The range runs from the line containing "Witch Crow Tattoo" to the last line of the entries. Copy that range exactly, omitting pictures.

Provided records:
== == ==
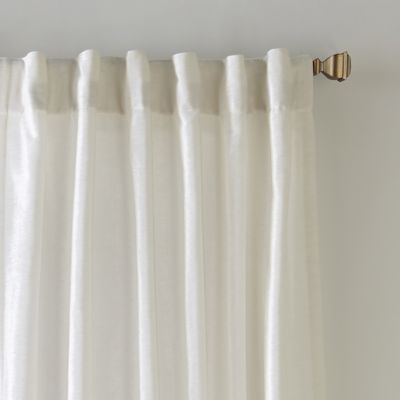 Carnaby Distressed Velvet Window Curtain, 50" x 84"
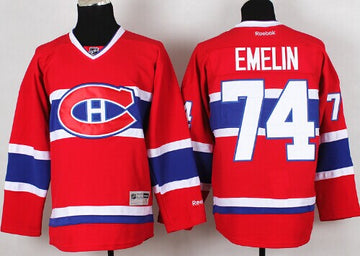 Alexei Emelin Montreal Canadiens red jersey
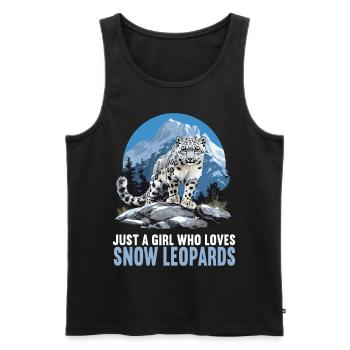 Snow Leopard Schneeleoparden Schneeleopard - Männer Premium Bio Tank Top - Schwarz - Vorne - Michal (187cm)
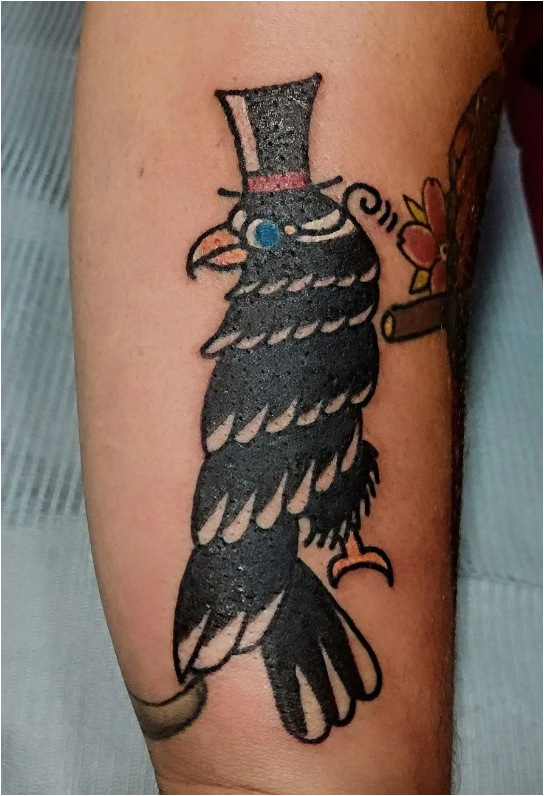 Witch Crow Tattoo 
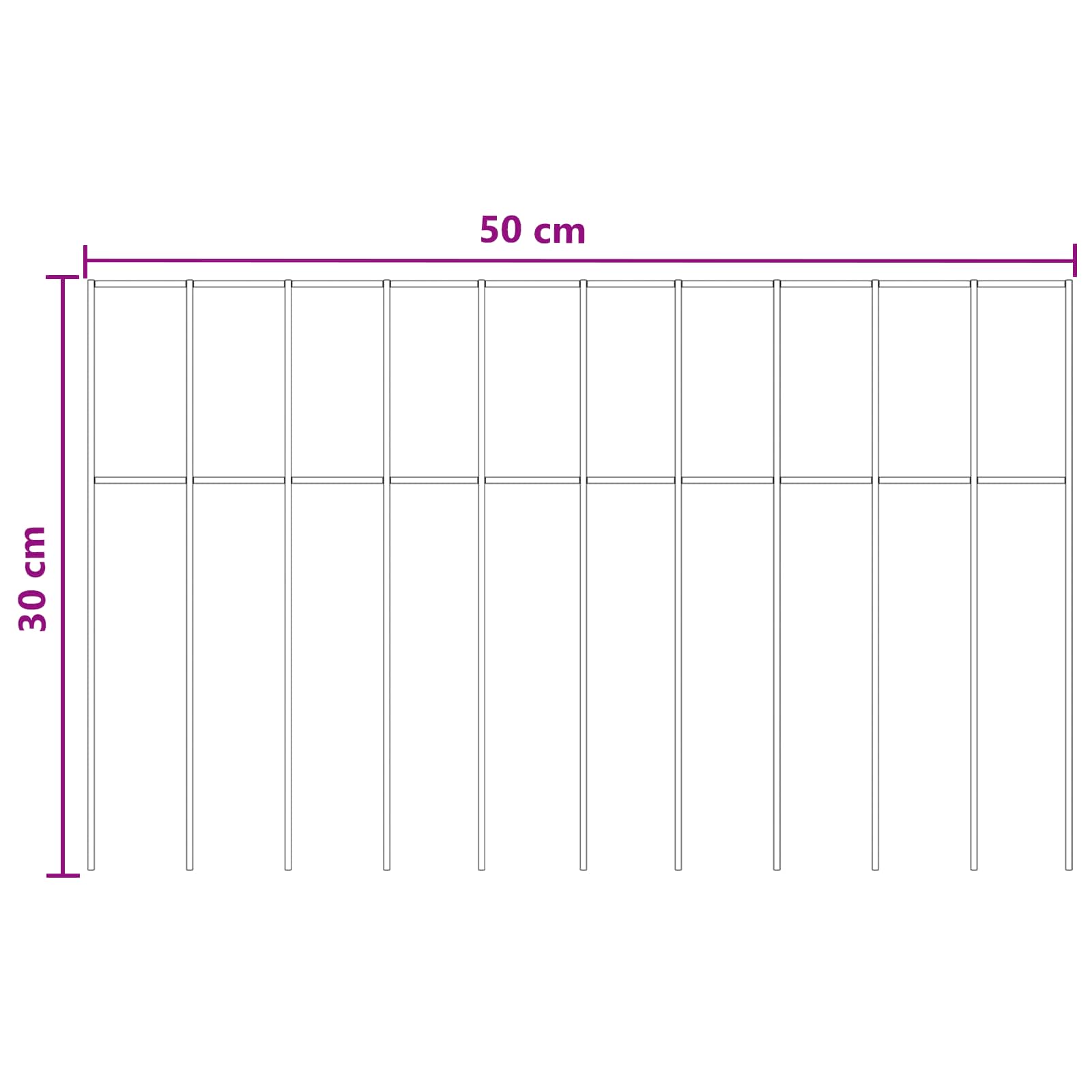 Sodo tvoros plokštė 48 pcs Galvanizuotas plienas Sidabrinė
== == ==
Answer section:
 Witch Crow Tattoo 
 Sodo tvoros plokštė 48 pcs Galvanizuotas plienas Sidabrinė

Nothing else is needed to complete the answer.